The piece is called "Fallstudie" (which in german is both: "case study" and "fall study", a study about falling); It is a 1-person cinema for video and silence. I consider it one of my most unsuccessful pieces, as it is usually completely misunderstood. But since Gabriel used it for the program of the symposium, there seems to be at least one who might understand it.


[Fallstudie / short description]




a small room / a projector / a chair / a movie on the wall / the room is not enough darkened to make a sharp image ...





... the room is only ever entered by a single person at a time / movie is running already





what can be seen is a glass beeing moved across the table - endlessly, as a loop - until you sit down: then the film jumps into the coda-mode ...





... the edge or the table comes into view. The end becomes foreseeable. But exactly in the moment when the glas is falling the projector turns off.

The image is projected directly onto the wall, so that no picture frame, no projection surface is left over when switching off. We (4) have taken great care that also the sound changes in the moment of quitting. The sound is nothing but the fan of the projector. And the fan of projectors usually go longer than until the turn-off of the picture. So we sealed off the real fan in a sound-absorbing box while we played back the sound of a false fan from a small speaker that such could actually end together with the picture.

Of course, everyone thinks, the piece is over when it's over. But the piece is made solely for the moment that follows its turning off. It's about the abrupt change of being thrown from fiction to the present. Before that I find myself in an unreal, and afterwards: alone in a room. I want you to fall out of the picture: into the now.

So that would be one of the most explicit demonstrations of the principle of complementarity, in which the artwork itself, the fabricated or made, is directed exclusively at what it itself is NOT.

If I may dwell for one more moment on the explication of my own working strategies I would like to point also to another aspect that is rarely considered. Namely on that what lies between two pieces.

Despite the practical diversity in my work of heterogeneous materials and settings, it is precisely in this diversity that I want to demonstrate how and that "one and the same" thing can be shown in two different ways.

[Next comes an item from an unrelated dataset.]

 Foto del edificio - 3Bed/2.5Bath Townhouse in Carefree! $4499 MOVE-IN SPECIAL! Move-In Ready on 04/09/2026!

The successful demonstration then still has a transcendental trait, which shows that "the thing", "the point" is not in the one nor in the other half but beyond both.

The "immanence" of complementarity is precisely the reason for the heterogeneity of the means I use, the reason for my many series. Heterogeneity is even a necessary prerequisite. I show something from one side, then from the other. But this is usually not working within a single piece. The two views are mutually exclusive, just as concert-like and installation-like situations can be mutually exclusive. A single piece is therefore necessarily incomplete. Nevertheless, I have tried again and again to grasp the transformation itself, the the moment of change, the transformation: as a cut - like in the "fall study" - as something that does not exist in time, as something that can be made tangible only through its juxtaposition, as a border.

The whole, totality, white noise can not be regarded as the whole, as totality, because totality always needs us to constitute it. And indeed we can never receive the whole as such, but only hints that what we are actually receiving, points to a 'more', or a more complete. And only from this hints we extrapolate the idea of the whole.

We hear white noise and can not hear it. What we do or can do is to filter extrapolations out of it. We hear something 'in' the noise. Often I had made the creation of illusions the subject of my work. But, strictly speaking, these are not just illusions. What we hear is actually there. Even if, as in prehistoric times, we recognize speech in the noise of a tree. And even if what we hear can not be confirmed by anyone else, or if everyone hears something different or nothing at all. What we hear is not yet an illusion because nobody else hears it. What we hear remains in the noise. The fact of not confirmed, unconfirmable hearing is precisely the indication that we are dealing here with a higher order, perhaps with a whole. Precisely through the lack of confirmation we are pushed to understand our filtered perception as filtered, and from there necessarily arises the idea of an unfiltered: the very whole. The real illusion is therefore not the reduced perception of a limited individual, but the conclusion onto the unreduced, the whole. But the conclusion is inevitable. Without the illusion of the non-reduced, the whole, totality, we would have no idea of the particularity, the reduced and the filtered, of our individual perception.

So it is exactly the loss, the lack of something, the unattainable, it is the incomplete that makes me complete in hearing.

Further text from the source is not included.